- **PROBLEM STATEMENT**: Using the listing below, set down each line from the line containing "#7.8 Java Tutorial" through the line containing "Vintage Prada Navy", both ends included, exactly and with nothing added.

- **DATA FOR THIS TASK**:
***

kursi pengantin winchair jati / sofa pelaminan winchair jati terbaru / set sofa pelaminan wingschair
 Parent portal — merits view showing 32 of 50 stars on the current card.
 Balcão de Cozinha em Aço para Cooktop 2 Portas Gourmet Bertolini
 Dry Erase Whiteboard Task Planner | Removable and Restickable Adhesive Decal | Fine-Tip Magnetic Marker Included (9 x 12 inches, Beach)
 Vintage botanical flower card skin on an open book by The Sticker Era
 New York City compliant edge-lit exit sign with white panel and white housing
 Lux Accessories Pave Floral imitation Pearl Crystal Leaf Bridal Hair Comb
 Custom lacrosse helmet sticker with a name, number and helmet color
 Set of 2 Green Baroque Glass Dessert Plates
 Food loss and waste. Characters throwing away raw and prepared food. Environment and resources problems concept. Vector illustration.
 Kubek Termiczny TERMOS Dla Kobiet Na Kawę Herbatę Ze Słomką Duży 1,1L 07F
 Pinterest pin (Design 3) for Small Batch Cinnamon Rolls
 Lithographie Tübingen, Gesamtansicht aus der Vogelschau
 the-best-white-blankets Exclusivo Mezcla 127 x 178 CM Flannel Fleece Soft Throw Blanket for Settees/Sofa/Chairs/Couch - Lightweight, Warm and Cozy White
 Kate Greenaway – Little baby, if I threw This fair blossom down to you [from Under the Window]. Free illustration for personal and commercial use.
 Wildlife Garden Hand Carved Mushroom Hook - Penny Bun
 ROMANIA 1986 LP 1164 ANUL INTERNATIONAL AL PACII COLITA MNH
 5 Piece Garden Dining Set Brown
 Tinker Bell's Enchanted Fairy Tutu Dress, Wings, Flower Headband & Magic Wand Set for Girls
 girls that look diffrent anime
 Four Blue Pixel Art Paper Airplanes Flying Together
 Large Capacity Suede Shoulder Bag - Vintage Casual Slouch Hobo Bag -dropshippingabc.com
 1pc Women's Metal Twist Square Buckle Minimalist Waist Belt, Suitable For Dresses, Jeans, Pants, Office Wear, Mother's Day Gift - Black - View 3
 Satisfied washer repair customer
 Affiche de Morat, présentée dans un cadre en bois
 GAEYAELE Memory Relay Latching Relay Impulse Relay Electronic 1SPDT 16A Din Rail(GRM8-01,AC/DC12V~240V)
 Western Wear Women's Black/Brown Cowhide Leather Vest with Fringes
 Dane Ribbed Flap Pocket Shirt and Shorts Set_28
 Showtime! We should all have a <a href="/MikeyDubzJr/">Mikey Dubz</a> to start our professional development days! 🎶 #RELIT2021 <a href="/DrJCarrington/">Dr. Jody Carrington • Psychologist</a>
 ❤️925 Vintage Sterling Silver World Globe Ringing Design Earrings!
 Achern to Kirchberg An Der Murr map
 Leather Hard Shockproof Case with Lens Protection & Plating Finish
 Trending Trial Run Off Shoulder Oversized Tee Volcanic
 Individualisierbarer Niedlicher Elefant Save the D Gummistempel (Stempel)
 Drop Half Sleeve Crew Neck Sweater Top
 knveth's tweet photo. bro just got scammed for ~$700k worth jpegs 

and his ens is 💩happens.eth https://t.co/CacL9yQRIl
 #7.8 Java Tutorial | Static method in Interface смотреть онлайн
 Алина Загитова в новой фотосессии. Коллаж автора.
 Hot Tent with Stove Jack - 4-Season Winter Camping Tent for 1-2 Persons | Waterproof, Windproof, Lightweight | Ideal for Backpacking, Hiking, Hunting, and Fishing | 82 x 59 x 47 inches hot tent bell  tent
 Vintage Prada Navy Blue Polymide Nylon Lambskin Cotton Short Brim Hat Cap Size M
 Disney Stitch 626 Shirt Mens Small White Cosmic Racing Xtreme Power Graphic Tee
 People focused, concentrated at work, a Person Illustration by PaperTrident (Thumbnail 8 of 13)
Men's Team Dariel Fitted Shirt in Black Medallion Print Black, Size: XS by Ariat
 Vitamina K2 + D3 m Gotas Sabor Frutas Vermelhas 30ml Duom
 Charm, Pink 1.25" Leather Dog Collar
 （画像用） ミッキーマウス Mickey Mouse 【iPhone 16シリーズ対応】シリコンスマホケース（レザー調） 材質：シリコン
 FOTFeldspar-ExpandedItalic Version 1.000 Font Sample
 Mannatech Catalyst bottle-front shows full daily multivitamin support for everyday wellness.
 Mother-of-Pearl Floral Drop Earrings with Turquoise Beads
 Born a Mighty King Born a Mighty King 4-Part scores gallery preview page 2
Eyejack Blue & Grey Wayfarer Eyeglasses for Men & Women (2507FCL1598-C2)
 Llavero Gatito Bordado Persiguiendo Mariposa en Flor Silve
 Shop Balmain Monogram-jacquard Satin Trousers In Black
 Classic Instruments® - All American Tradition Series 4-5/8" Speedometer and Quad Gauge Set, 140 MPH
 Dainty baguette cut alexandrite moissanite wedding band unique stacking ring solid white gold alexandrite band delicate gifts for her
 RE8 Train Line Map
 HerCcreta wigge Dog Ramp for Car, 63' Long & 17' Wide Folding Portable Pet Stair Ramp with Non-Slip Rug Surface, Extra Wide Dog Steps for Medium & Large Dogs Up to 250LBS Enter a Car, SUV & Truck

***

- **THE COMPLETED TASK**:
 #7.8 Java Tutorial | Static method in Interface смотреть онлайн
 Алина Загитова в новой фотосессии. Коллаж автора.
 Hot Tent with Stove Jack - 4-Season Winter Camping Tent for 1-2 Persons | Waterproof, Windproof, Lightweight | Ideal for Backpacking, Hiking, Hunting, and Fishing | 82 x 59 x 47 inches hot tent bell  tent
 Vintage Prada Navy Blue Polymide Nylon Lambskin Cotton Short Brim Hat Cap Size M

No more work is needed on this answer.